Questa particolare capacità avrebbe aperto la strada ai piloti che avrebbero potuto autonomamente percorrere il continente in tutta sua lunghezza utilizzando la strada come supporto sicuro per l’atterraggio Il documento spiega molto bene lo spirito dell’epoca dove l’economia era più forte che mai e che a breve avrebbe sofferto di un enorme contraccolpo con la crisi del ’29.
Durante i successivi vent’anni vennero cominciati i lavori in tutto il continente. La parte dove si ottennero maggiori successi fu il collegamento tra gli States e il Messico dove i tempi di realizzazione vennero mantenuti e i lavori portati a termine.
Negli Stati del centro America si procedeva a rilento ma nonostante alcuni pezzi ritardarono la fine dei lavori il collegamento venne sempre garantito. Già in un articolo del 1953 venivano documentati tutti i miglioramenti e i relativi buchi da riempire per voler rendere praticabile il viaggio da Fairbanks in Alaska alla regione dei laghi in Cile. I tratti da completare erano ancora moltissimi.
Uno di questi in particolar modo al contrario degli altri non venne mai completato. Il tratto di strada che avrebbe dovuto unire Panama alla Colombia, e quindi congiungere l’America centrale con l’America del Sud.
Quel tratto di strada ancora oggi non è mai stato completato. Da Panama City la Panamericana prosegue per qualche centinaio di chilometri fino al villaggio di Yaviza, ultimo centro abitato raggiungibile da una all-weather road prima della giungla primaria.
L’ultimo tratto rimasto da completare, la regione del Darién, o Darién Gap, è un territorio estremamente selvaggio, montagnoso e solcato da innumerevoli tratti d’acqua. La conformazione geografica da sola rende estremamente difficoltoso il progetto e la realizzazione del tratto finale della strada americana. Ma la sua posizione geopolitica, storica, culturale sicuramente apporta un peso ancora maggiore sulla bilancia.
In seguito alla creazione coatta dello stato di Panama da parte degli Stati Uniti d’America ai danni della Colombia, il territorio che ha avuto nel suo grembo il canale più importante del mondo venne sempre mantenuto in costante osservazione da Washington.
La grande paura statunitense che la color line venutasi a creare dopo la conquista del Messico nel 1848 ponendo i confini sul Rio Grande, cedesse e creasse un’esondazione di profughi, rimaneva sempre viva e centrale nei pensieri politici della classe politica americana
Se l’America Centrale, per forza di cose, dovette sempre essere considerata una America più prossima agli States per questioni geografiche e culturali, quella del sud rimaneva più distante.
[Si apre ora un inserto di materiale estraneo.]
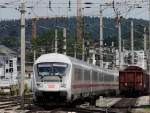 Ein EC am 11.07.2009 bei der Einfahrt in den Salzburger Hbf.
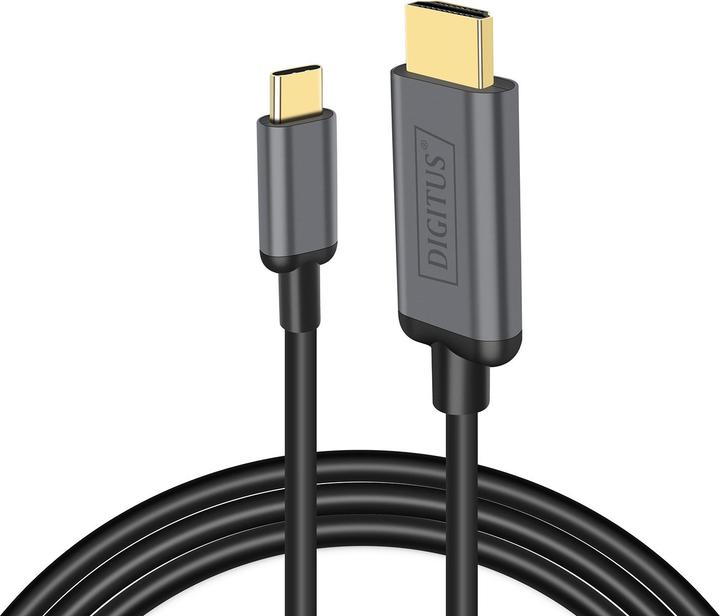 Produktbild Digitus USB Typ C — HDMI (Typ A) (1.80 m, USB Typ C, 1.4b)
Lo scoglio del Darién per tutte le popolazioni che cercavano rifugio nella federazione a stelle e strisce, rimaneva uno muro naturale molto difficile da superare.
Dagli anni in cui Panama, in seguito al trattato Carter-Torrijos firmato nel 1977, riacquisì una forma di indipendenza sul canale e quindi anche sul suo territorio, il centro America venne scosso da diversi terremoti politici.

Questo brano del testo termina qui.